Anyone else having similar problems?


----------



## FTA Michael

In this thread http://www.dbstalk.com/showpost.php?p=957376&postcount=19, P Smith wrote of the new software update for the 510: "changed internal structures of metadata of recordings to accommodate coming DRM implementation"

DRM = digital rights management = at some point, for some reason, you won't be allowed to play your recordings. Maybe one step is to autodelete anything that's, say, over a year old? I have no idea.


----------



## prazuch

Spent some time with online DishNetwork chat Friday; once I was able to get bumped up to advanced tech support, the rep submitted a report to their ops folks, and offered to send me a replacement 510 in the meantime. Means I have to dump the content that remains on my current 510 to DVDs, but maybe a new harddrive won't be a bad thing since the old one's been running for about 3 years now.
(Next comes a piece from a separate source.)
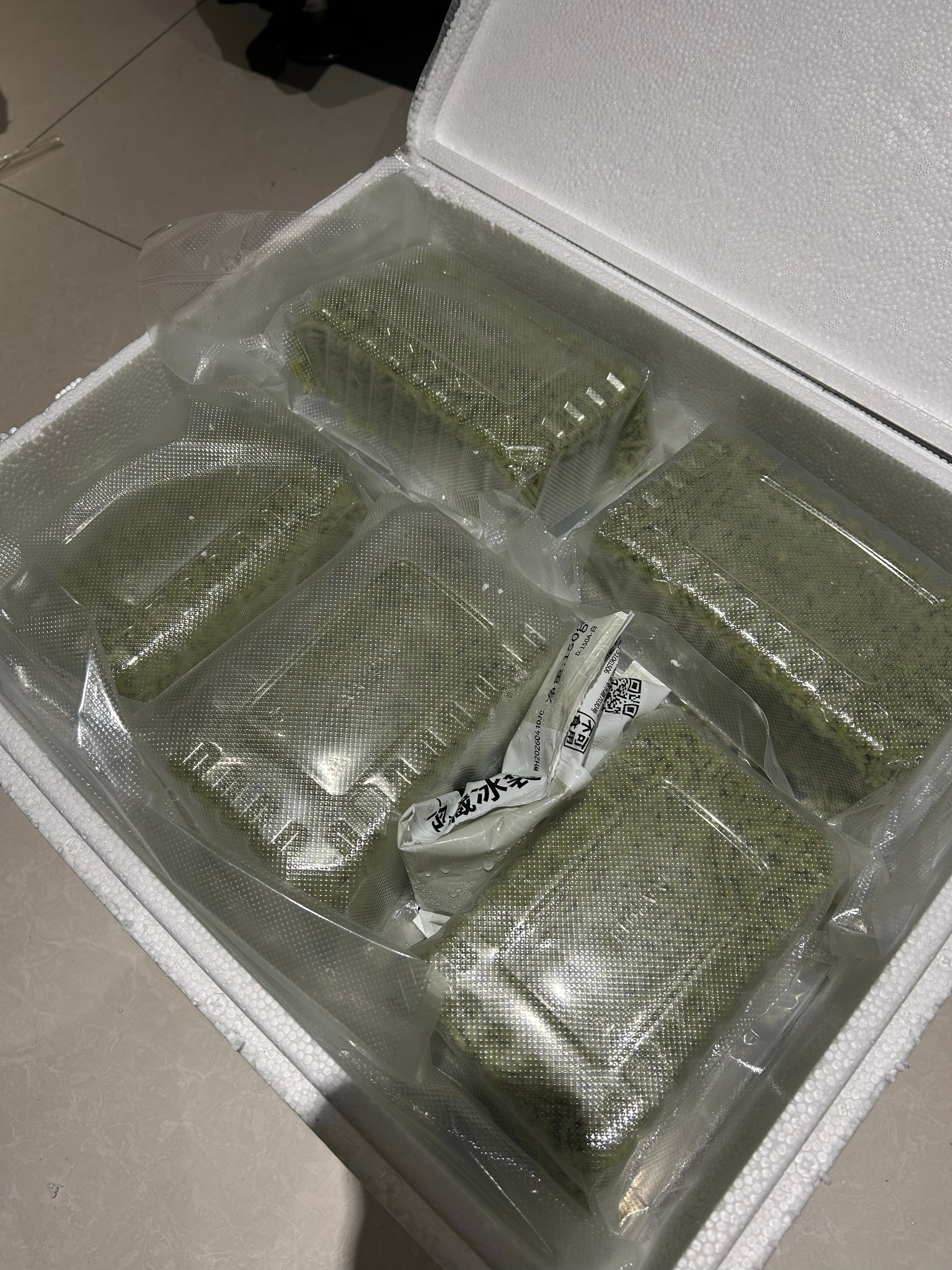 给你们看点稀罕物这玩意儿我小时候吃过以前可金贵了就我小时候的物价它卖10块钱一斤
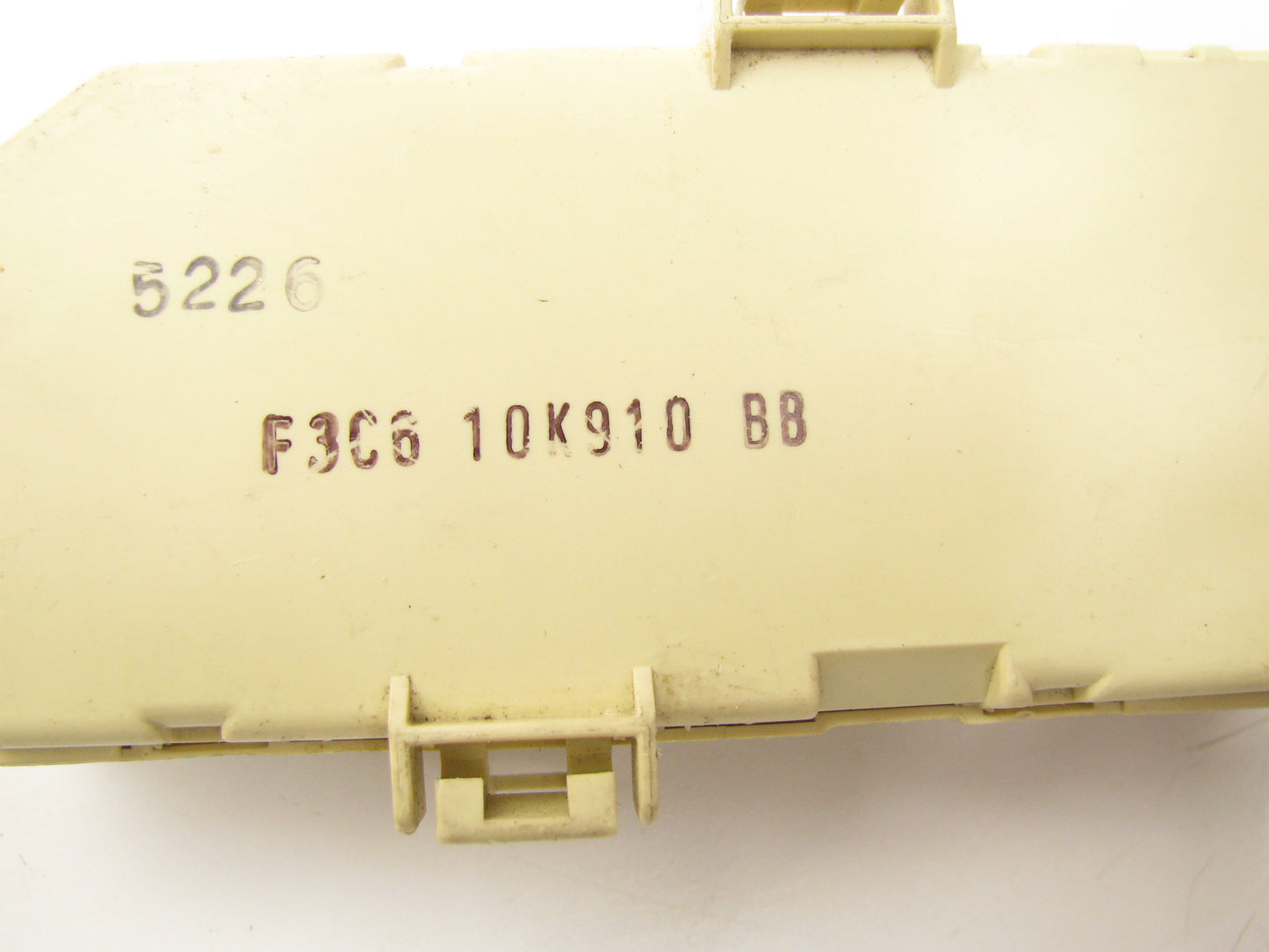 NEW OUT OF BOX - OEM 1991-1996 Escort Underdash Fuse Box Relay # F3C6-10K910-BB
I just hope they get the software problem fixed so the new 510 doesn't start deleting programs, too.

I'll post more if I hear back from the ops department.....


----------



## Geeke19

heck I cant even delete anything on mine. it goes away but when I hit dvr again it shows up. have like 10 mins left on my hard drive. :nono2:


----------



## catnap1972

FTA Michael said:


> In this thread http://www.dbstalk.com/showpost.php?p=957376&postcount=19, P Smith wrote of the new software update for the 510: "changed internal structures of metadata of recordings to accommodate coming DRM implementation"
> 
> DRM = digital rights management = at some point, for some reason, you won't be allowed to play your recordings. Maybe one step is to autodelete anything that's, say, over a year old? I have no idea.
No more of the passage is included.